A mis ascendientes, a
los suicidas, a los olvidados, a los exilados, a los desheredados, a los
despreciados, a los anónimos…
Qé fáusticos
entretenimientos: todo lo tuyo ha de desvanecerse en el aire al igual que el
humo, disolverse como el polvo y confudirse en los suelos.
Con quien has pactado
(contigo misma, en verdad, pues no sé de ninguna otra fuerza) te ha conducido a
la confusión: ¿qué crees que legas después de tu muerte sino unos trastos que
hieden a laboratorio pueril? Me dirás que todo es confusión, pues el dios que
crea el mundo crea al diablo, pero todo eso son paparruchas. La preocupación
real del hombre es su propia condición llena de secretos y que no entiende. Esa
reflexión ronda una y otra vez su mente, y en cuanto el arte, donde tú te has
metido tan graciosamente, cesa de representar los escenarios que le circundan
no le queda más remedio que indagar en lo indecible, en lo invisible. Ni hay
dios ni hay mundo ni hay diablo. Una vez hayas sucumbido nada fue antes y nada
es después. Lo hermético no es lo exterior donde tropiezan tus ojos; son tus
cavilaciones las que te enredan y los despojos de tu fracaso la obra que tienes
la desfachatez de exhibir a nuestra mirada.

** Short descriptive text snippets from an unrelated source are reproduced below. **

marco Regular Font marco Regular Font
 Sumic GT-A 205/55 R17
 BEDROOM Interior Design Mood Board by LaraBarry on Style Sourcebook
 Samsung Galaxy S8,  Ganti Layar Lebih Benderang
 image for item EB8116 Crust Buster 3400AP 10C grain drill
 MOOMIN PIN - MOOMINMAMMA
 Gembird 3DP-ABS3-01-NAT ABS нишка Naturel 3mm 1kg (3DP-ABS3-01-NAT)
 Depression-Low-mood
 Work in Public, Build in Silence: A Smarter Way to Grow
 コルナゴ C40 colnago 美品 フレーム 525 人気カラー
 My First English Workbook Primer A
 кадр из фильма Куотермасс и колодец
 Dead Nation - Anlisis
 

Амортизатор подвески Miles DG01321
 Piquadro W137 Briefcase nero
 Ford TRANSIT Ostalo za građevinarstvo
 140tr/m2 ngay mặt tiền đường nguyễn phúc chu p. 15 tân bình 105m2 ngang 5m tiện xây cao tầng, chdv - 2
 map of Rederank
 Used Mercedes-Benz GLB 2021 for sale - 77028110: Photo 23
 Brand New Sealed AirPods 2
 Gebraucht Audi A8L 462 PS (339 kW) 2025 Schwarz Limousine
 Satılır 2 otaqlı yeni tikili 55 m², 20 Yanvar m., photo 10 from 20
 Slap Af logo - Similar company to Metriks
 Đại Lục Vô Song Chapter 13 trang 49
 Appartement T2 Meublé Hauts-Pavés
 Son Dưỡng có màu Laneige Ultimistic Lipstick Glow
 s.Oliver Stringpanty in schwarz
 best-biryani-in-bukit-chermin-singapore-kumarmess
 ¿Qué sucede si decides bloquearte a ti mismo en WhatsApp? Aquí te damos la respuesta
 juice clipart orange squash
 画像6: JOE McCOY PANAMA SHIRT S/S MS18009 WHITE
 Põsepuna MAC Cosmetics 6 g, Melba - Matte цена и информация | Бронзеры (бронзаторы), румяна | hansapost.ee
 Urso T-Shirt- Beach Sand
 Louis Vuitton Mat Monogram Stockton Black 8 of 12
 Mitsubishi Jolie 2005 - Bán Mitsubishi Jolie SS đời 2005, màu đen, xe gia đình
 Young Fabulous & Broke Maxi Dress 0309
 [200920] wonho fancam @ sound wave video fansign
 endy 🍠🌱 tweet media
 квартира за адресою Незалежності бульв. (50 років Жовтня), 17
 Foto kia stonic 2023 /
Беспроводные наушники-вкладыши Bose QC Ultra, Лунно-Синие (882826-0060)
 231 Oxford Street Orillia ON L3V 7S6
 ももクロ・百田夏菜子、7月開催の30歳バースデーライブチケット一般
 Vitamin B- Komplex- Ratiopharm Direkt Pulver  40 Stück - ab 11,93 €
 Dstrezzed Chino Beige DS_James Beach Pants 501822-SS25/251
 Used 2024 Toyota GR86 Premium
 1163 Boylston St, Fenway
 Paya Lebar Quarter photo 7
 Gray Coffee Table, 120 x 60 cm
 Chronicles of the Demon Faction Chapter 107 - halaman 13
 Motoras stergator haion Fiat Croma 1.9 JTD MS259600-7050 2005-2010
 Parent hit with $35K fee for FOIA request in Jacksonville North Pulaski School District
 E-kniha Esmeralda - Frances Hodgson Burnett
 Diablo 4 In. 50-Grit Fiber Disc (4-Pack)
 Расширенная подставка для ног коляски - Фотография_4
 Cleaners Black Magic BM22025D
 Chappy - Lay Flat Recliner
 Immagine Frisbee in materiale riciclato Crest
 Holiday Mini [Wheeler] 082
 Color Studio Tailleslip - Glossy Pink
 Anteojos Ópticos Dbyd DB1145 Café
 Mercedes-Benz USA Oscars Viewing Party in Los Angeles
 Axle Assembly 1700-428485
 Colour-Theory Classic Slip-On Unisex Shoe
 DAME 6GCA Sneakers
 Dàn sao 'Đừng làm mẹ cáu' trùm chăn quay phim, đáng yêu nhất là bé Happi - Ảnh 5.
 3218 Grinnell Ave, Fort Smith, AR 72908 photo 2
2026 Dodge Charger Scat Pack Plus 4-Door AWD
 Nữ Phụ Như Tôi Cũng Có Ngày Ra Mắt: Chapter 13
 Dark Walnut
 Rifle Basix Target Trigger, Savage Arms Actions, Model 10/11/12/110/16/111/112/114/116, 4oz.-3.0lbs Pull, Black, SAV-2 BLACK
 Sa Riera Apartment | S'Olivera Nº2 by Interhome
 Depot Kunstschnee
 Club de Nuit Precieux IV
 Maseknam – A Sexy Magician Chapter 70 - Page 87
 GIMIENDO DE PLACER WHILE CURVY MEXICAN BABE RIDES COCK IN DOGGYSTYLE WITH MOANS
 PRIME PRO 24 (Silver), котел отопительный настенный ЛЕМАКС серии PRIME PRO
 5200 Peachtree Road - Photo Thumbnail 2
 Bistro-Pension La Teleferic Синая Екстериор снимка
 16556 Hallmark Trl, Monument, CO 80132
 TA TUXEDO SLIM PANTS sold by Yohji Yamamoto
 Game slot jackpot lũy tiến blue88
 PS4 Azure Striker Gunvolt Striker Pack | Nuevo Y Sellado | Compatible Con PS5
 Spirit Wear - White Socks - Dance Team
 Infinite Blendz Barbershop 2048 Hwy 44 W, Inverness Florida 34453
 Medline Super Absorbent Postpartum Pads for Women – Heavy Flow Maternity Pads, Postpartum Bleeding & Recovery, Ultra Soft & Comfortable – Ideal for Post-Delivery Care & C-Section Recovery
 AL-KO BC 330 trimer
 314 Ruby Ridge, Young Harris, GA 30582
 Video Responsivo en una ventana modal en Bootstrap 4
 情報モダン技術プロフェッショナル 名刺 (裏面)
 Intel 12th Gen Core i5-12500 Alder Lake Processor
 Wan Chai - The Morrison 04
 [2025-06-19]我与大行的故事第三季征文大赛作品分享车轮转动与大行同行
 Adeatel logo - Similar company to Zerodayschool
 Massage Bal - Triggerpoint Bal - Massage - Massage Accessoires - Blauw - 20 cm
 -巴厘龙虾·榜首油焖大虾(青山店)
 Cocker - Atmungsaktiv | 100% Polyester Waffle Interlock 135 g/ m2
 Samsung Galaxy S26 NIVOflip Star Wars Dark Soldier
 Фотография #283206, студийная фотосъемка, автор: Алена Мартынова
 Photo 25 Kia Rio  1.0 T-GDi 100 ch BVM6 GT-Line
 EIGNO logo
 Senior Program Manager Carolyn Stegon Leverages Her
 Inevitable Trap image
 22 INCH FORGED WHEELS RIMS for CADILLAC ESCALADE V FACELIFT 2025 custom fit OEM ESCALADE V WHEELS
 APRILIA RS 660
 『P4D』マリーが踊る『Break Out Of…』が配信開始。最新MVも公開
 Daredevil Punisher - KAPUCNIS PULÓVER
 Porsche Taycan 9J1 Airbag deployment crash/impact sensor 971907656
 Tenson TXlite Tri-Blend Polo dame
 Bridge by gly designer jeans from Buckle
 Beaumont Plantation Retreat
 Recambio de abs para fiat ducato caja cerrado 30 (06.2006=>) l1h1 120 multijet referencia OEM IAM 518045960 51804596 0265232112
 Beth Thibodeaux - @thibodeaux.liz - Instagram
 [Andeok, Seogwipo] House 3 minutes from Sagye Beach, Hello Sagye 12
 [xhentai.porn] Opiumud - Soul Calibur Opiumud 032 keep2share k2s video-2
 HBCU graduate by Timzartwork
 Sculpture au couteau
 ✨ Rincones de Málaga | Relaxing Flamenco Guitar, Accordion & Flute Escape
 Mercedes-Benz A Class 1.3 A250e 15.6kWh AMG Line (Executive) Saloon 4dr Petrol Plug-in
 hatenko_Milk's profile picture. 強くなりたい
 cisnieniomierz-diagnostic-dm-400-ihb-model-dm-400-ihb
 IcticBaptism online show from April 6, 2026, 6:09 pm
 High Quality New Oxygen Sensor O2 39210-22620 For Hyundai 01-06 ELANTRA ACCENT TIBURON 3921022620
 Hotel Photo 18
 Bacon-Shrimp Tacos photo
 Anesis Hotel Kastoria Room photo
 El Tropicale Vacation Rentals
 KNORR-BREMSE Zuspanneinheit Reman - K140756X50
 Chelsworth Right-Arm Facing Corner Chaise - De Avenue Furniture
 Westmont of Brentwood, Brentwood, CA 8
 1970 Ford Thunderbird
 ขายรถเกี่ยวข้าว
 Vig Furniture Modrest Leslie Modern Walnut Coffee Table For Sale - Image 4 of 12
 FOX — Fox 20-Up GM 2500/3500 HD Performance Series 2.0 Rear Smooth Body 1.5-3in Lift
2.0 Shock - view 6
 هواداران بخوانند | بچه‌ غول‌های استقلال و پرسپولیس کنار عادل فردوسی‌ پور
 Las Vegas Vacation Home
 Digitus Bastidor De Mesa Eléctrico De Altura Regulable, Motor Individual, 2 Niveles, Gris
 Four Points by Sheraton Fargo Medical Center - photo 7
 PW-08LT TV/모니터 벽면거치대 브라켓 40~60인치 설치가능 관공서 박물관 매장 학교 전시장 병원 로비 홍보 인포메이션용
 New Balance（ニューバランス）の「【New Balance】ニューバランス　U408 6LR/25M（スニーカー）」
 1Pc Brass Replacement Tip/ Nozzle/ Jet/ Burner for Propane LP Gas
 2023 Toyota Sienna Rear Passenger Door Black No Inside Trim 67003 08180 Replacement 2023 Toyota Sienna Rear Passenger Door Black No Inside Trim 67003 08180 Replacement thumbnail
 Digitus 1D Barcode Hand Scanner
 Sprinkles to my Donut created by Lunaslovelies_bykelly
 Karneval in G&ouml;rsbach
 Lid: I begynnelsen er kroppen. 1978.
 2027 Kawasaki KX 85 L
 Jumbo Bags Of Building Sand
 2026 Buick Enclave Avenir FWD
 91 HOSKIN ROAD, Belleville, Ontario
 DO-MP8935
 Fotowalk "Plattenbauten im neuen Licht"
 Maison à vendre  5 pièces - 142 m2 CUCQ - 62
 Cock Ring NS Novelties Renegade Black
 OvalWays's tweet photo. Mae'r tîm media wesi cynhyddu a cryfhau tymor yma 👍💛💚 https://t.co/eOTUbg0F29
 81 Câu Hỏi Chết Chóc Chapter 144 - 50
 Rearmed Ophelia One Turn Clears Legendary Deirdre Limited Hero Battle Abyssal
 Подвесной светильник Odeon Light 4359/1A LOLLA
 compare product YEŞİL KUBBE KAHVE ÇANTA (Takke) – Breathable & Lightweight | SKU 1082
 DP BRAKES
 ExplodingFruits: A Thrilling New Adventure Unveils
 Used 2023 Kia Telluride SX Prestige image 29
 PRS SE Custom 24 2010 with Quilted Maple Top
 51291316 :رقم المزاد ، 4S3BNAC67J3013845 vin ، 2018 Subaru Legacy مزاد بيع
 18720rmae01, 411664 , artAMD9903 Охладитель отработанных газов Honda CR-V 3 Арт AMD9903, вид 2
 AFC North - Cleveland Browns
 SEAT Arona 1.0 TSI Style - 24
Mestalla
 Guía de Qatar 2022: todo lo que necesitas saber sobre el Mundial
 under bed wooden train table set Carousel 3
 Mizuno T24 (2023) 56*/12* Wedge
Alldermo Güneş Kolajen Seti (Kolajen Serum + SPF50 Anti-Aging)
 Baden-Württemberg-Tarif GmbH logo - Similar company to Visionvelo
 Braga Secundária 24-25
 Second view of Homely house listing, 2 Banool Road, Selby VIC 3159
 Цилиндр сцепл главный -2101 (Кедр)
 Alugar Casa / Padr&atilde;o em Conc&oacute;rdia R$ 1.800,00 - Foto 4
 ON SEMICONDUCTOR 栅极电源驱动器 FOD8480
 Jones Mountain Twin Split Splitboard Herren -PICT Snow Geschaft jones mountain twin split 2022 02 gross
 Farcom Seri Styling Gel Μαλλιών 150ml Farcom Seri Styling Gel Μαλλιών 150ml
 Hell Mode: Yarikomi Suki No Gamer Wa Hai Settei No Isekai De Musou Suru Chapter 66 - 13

Escribe Yahvé del derecho y del revés, maga, y
no conseguirás nada:
Mira al menos en tu
interior: abrirás la puerta a un océano de imaginaciones, y a ninguna de ellas
la refrena la discreción. Tus dos opciones se limitan al exceso, que son los
despropósitos y la ropavejería con que ofendes nuestro entendimiento, o a la
renuncia, que es el silencio y tu propia obra de arte que eres tú misma. Nada
tengo que venderte, la ciega naturaleza está a punto de robártelo todo: no eres
Margarita, temerosa de su tosquedad; pero tampoco la inconsciente y bella
Helena que engarza floridos discursos en tierras alemanas.
-¿Acaso no serás tú
Mefistófeles?
-Yo, querida, tampoco
tengo donde caerme muerto.
El Viejo Bromista en
Los Cielos observa a sus criaturas, las expone a la vicisitud, a la maldición y
al humano engaño y mantiene los labios sellados. Luego, ya interpelará a El
Diablo, que irrumpe ante Él chorreando sangre por los ojos, fatigado de maldad:
-¿De dónde vienes que
no sabía nada de ti?
-De bajar
a la Tierra y darme una vuelta por ella.